The Queen's Speech on Wednesday will set out the government's legislative plans for the next year. What is expected to be in it?
Following the government's latest setback in deporting Abu Qatada, Home Secretary Theresa May told MPs she would bring forward an Immigration Bill. This is expected to allow foreign criminals to be deported more easily. Mrs May has also indicated the bill could encompass plans to tighten the laws relating to the UK Border Agency to make it more effective at deporting people who are in this country illegally. In a speech on immigration at the end of March, Prime Minister David Cameron said he would legislate to make sure illegal immigrants can't get driving licences and also change the rules so private landlords have to check their tenants' immigration status. Both these measures could be included in the Immigration Bill.

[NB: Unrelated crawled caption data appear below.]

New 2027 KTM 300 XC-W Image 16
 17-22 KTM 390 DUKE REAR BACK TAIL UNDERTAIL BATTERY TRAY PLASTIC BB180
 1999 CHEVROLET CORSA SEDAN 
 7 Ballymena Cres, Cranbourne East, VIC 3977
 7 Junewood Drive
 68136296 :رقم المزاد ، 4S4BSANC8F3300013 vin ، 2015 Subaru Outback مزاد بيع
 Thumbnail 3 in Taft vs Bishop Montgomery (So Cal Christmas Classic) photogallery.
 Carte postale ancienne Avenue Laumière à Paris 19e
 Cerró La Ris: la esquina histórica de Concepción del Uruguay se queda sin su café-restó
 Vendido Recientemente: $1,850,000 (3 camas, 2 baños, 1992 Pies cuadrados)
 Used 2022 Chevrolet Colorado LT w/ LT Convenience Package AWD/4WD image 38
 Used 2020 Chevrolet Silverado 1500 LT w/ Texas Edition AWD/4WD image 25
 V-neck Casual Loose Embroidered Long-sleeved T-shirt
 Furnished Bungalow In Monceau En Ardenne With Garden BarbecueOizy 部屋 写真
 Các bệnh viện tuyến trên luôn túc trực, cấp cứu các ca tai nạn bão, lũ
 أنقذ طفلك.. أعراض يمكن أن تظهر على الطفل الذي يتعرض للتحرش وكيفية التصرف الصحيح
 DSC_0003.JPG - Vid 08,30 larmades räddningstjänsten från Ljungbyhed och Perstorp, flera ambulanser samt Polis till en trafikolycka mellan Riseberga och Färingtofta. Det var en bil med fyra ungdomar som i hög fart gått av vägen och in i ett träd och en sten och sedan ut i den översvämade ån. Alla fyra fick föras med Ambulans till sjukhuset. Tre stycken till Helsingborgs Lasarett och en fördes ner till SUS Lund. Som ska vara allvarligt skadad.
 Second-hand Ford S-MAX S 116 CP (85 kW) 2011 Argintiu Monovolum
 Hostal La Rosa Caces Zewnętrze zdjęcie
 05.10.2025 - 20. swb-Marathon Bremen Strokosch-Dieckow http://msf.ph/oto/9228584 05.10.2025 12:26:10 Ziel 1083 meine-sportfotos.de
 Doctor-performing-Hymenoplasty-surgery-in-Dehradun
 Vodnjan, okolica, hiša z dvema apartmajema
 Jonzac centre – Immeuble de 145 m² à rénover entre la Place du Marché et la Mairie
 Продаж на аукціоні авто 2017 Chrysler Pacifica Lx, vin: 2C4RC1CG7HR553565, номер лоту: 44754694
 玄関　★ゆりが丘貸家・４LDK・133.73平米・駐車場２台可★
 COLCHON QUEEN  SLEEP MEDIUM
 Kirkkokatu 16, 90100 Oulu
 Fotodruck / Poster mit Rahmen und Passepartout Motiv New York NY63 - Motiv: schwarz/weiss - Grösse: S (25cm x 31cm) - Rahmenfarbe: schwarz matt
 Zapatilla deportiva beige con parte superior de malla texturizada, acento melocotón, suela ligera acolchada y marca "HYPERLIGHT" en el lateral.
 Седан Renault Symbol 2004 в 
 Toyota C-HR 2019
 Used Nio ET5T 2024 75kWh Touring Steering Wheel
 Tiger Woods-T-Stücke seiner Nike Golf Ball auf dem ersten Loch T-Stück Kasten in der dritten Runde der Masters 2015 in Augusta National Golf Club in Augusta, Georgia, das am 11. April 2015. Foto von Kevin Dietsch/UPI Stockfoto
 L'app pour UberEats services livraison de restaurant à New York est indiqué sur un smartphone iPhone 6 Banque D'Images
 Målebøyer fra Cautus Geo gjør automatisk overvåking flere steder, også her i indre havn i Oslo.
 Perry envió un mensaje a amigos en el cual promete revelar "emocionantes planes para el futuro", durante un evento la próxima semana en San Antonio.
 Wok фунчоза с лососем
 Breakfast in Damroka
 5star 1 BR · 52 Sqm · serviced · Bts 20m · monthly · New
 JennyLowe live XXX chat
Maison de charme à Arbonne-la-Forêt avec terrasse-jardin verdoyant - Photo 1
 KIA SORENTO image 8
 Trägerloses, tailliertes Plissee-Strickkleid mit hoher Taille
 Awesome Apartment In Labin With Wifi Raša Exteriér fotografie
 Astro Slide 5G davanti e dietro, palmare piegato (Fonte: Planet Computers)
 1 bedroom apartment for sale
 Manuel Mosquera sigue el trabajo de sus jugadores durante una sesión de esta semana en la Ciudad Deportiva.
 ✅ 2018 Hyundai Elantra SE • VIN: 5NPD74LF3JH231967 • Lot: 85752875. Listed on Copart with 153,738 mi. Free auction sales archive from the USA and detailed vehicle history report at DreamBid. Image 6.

In January, Prime Minister David Cameron announced his plan to bring forward a Co-operatives Bill to "help build a fairer economy" before the next election. He said the bill would cut red tape and consolidate more than a dozen outdated pieces of legislation governing co-operatives and mutuals.
Civil Service Bill
The government is reforming the civil service. As part of that process, Cabinet Office minister Francis Maude has indicated he could use legislation to allow ministers to appoint the civil servant who runs their department. At the end of last year the Civil Service Commission, which ensures appointments are made on merit, blocked the plan
to allow ministers to appoint their permanent secretary, amid fears it could politicise the civil service.